__Instructions for the task__. Output all records verbatim.

[Short web captions]
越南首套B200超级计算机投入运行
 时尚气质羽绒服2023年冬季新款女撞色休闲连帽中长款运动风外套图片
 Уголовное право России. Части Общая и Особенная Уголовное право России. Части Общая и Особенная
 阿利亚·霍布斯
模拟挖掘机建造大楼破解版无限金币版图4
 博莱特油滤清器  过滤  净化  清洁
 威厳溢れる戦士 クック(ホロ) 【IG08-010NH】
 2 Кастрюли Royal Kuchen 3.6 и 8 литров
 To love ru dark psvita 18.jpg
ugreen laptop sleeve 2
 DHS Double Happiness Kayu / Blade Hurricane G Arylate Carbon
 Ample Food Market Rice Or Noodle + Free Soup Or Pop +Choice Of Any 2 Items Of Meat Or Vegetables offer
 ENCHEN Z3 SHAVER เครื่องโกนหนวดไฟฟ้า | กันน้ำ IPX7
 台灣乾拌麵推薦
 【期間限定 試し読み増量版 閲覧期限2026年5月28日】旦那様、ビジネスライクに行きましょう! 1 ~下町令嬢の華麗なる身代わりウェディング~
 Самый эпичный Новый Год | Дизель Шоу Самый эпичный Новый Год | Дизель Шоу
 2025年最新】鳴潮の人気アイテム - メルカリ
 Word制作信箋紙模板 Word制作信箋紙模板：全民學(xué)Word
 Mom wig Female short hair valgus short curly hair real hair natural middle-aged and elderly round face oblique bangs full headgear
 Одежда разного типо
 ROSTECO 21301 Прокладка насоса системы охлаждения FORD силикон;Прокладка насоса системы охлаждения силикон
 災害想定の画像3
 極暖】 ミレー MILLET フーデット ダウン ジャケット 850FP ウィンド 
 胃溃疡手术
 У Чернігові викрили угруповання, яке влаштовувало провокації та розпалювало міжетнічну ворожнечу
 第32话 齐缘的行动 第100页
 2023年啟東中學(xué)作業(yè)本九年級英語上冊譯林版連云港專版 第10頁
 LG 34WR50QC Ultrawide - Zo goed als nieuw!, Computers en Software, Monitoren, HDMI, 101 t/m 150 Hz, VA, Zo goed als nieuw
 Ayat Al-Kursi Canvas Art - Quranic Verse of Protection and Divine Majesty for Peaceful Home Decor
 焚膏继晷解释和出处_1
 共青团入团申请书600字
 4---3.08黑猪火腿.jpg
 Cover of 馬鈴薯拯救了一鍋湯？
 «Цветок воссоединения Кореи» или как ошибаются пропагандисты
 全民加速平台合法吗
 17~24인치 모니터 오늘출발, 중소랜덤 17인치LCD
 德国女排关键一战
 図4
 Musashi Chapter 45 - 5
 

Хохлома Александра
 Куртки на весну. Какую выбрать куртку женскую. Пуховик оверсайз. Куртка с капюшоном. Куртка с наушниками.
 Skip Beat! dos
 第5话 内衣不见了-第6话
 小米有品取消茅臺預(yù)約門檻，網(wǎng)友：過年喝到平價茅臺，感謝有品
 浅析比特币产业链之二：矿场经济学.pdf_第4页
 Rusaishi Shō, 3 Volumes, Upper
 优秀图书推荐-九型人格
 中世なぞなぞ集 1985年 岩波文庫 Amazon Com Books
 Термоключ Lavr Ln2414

__Exercise response__.
越南首套B200超级计算机投入运行
 时尚气质羽绒服2023年冬季新款女撞色休闲连帽中长款运动风外套图片
 Уголовное право России. Части Общая и Особенная Уголовное право России. Части Общая и Особенная
 阿利亚·霍布斯
模拟挖掘机建造大楼破解版无限金币版图4
 博莱特油滤清器  过滤  净化  清洁
 威厳溢れる戦士 クック(ホロ) 【IG08-010NH】
 2 Кастрюли Royal Kuchen 3.6 и 8 литров
 To love ru dark psvita 18.jpg
ugreen laptop sleeve 2
 DHS Double Happiness Kayu / Blade Hurricane G Arylate Carbon
 Ample Food Market Rice Or Noodle + Free Soup Or Pop +Choice Of Any 2 Items Of Meat Or Vegetables offer
 ENCHEN Z3 SHAVER เครื่องโกนหนวดไฟฟ้า | กันน้ำ IPX7
 台灣乾拌麵推薦
 【期間限定 試し読み増量版 閲覧期限2026年5月28日】旦那様、ビジネスライクに行きましょう! 1 ~下町令嬢の華麗なる身代わりウェディング~
 Самый эпичный Новый Год | Дизель Шоу Самый эпичный Новый Год | Дизель Шоу
 2025年最新】鳴潮の人気アイテム - メルカリ
 Word制作信箋紙模板 Word制作信箋紙模板：全民學(xué)Word
 Mom wig Female short hair valgus short curly hair real hair natural middle-aged and elderly round face oblique bangs full headgear
 Одежда разного типо
 ROSTECO 21301 Прокладка насоса системы охлаждения FORD силикон;Прокладка насоса системы охлаждения силикон
 災害想定の画像3
 極暖】 ミレー MILLET フーデット ダウン ジャケット 850FP ウィンド 
 胃溃疡手术
 У Чернігові викрили угруповання, яке влаштовувало провокації та розпалювало міжетнічну ворожнечу
 第32话 齐缘的行动 第100页
 2023年啟東中學(xué)作業(yè)本九年級英語上冊譯林版連云港專版 第10頁
 LG 34WR50QC Ultrawide - Zo goed als nieuw!, Computers en Software, Monitoren, HDMI, 101 t/m 150 Hz, VA, Zo goed als nieuw
 Ayat Al-Kursi Canvas Art - Quranic Verse of Protection and Divine Majesty for Peaceful Home Decor
 焚膏继晷解释和出处_1
 共青团入团申请书600字
 4---3.08黑猪火腿.jpg
 Cover of 馬鈴薯拯救了一鍋湯？
 «Цветок воссоединения Кореи» или как ошибаются пропагандисты
 全民加速平台合法吗
 17~24인치 모니터 오늘출발, 중소랜덤 17인치LCD
 德国女排关键一战
 図4
 Musashi Chapter 45 - 5
 

Хохлома Александра
 Куртки на весну. Какую выбрать куртку женскую. Пуховик оверсайз. Куртка с капюшоном. Куртка с наушниками.
 Skip Beat! dos
 第5话 内衣不见了-第6话
 小米有品取消茅臺預(yù)約門檻，網(wǎng)友：過年喝到平價茅臺，感謝有品
 浅析比特币产业链之二：矿场经济学.pdf_第4页
 Rusaishi Shō, 3 Volumes, Upper
 优秀图书推荐-九型人格
 中世なぞなぞ集 1985年 岩波文庫 Amazon Com Books
 Термоключ Lavr Ln2414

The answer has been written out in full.